Additionally, depriving certain leukemia patients of valine might even kill off the cells that are causing their cancers, says Hiromitsu Nakauchi, a senior author on the new paper. “If such a simple and relatively less harmful therapy could be used to treat leukemias, that would be great,” says Nakauchi, a stem cell researcher at both the University of Tokyo and Stanford University. “That’s what I’m hoping at the moment.” Nakauchi adds that he was surprised to uncover such a basic biological process. “I couldn’t believe it myself,” he says.
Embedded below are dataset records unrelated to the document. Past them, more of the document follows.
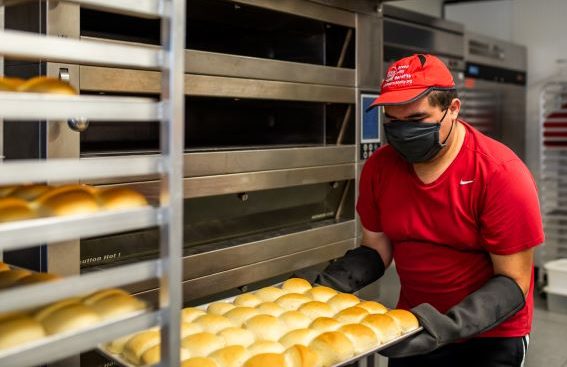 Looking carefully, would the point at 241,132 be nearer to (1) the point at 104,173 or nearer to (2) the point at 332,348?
(2) the point at 332,348

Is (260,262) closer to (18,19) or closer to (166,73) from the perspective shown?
(18,19)

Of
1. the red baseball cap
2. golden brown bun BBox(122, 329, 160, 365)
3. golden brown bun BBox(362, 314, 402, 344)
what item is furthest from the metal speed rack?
the red baseball cap

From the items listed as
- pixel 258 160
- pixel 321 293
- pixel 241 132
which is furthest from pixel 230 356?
pixel 241 132

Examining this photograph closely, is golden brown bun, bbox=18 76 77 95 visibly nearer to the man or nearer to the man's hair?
the man

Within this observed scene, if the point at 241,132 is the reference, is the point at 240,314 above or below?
below

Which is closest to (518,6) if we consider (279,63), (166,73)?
(279,63)

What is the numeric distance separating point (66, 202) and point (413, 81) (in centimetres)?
111

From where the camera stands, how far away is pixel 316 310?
5.24 ft

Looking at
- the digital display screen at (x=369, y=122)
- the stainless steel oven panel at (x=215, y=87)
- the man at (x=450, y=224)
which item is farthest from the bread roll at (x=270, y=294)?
the digital display screen at (x=369, y=122)

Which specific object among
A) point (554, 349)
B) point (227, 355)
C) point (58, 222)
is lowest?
point (554, 349)

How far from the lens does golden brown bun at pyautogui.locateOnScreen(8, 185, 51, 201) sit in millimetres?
974

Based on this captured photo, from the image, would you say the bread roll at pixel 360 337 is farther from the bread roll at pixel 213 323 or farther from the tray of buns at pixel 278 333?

Camilla Forsberg, a blood stem cell researcher at the University of California, Santa Cruz, who was not involved in the research, says she was impressed with the results and thrilled there are still such fundamental discoveries to be made. “It’s pretty exciting how the basic things we think about are still giving us surprises,” she says, adding that it will be crucial to figure out why these blood stem cells—also called hematopoietic cells—are so sensitive to valine. Other cell types might have particular sensitivities to the other 19 amino acids active in the body, nine of which are vital and must be obtained via food, so Forsberg believes these must now be studied as well. The essential role valine plays in blood should not come as such a surprise, says Linheng Li, a stem cell biologist at the Stowers Institute for Medical Research. Some people who eat a low-protein vegetarian diet are known to develop anemia, a disease characterized by low levels of red blood cells.
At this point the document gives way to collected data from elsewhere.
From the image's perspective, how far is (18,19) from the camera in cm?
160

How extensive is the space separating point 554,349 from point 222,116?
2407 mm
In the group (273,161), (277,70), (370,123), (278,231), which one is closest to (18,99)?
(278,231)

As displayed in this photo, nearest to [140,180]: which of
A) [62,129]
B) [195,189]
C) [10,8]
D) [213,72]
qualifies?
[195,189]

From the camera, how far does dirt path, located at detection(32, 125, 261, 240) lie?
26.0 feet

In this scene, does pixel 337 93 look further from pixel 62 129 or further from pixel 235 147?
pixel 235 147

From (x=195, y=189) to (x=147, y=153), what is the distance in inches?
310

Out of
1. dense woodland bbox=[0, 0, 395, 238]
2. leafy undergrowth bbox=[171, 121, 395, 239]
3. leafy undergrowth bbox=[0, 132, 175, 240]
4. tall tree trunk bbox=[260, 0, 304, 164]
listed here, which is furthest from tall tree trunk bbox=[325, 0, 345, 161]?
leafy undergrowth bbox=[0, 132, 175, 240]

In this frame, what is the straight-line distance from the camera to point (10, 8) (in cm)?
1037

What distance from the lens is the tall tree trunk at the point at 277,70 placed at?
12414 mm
Li was not involved in the new research, but says he made a similar, unpublished finding in his own lab that makes him confident of Nakauchi’s results. He also thinks valine deprivation could work as well in people as it does in mice, although it will take a lot of research to determine how long people can tolerate being deprived of the amino acid. If valine deprivation works in bone marrow transplant patients, it could open the procedure to some people—such as pregnant women—who are usually not considered candidates for chemotherapy or radiation, he says. Li suspects, however, that valine deprivation alone will not be effective for treating cancer directly, although it might work well combined with other therapies.
In the new study Nakauchi and his colleagues say they were able to successfully transplant bone marrow in valine-deprived mice without needing radiation or chemotherapy—but some of the mice died from lack of the nutrient, which is also involved in metabolism and tissue repair. Nakauchi says it should be relatively easy to deprive people of valine by feeding them on specially formulated intravenous diets, although he admits that might be difficult if the depletion needs to last weeks or months.
The researchers also found human blood stem cells failed to proliferate when cultured without valine. Nakauchi says the team realized only after their study was completed that it built on research published 70 years ago in Science by the late Nobel laureate Arthur Kornberg. When Nakauchi was a postdoctoral student at Stanford he knew the biochemist, and says it made him proud to renew and extend Kornberg’s findings.
Now Nakauchi says he hopes the work will lead to new approaches to cancer treatment. “There may be some other, similar amino acid–dependency in other stem cells and also cancer stem cells,” he says. “Those are the things I’m very much interested in.”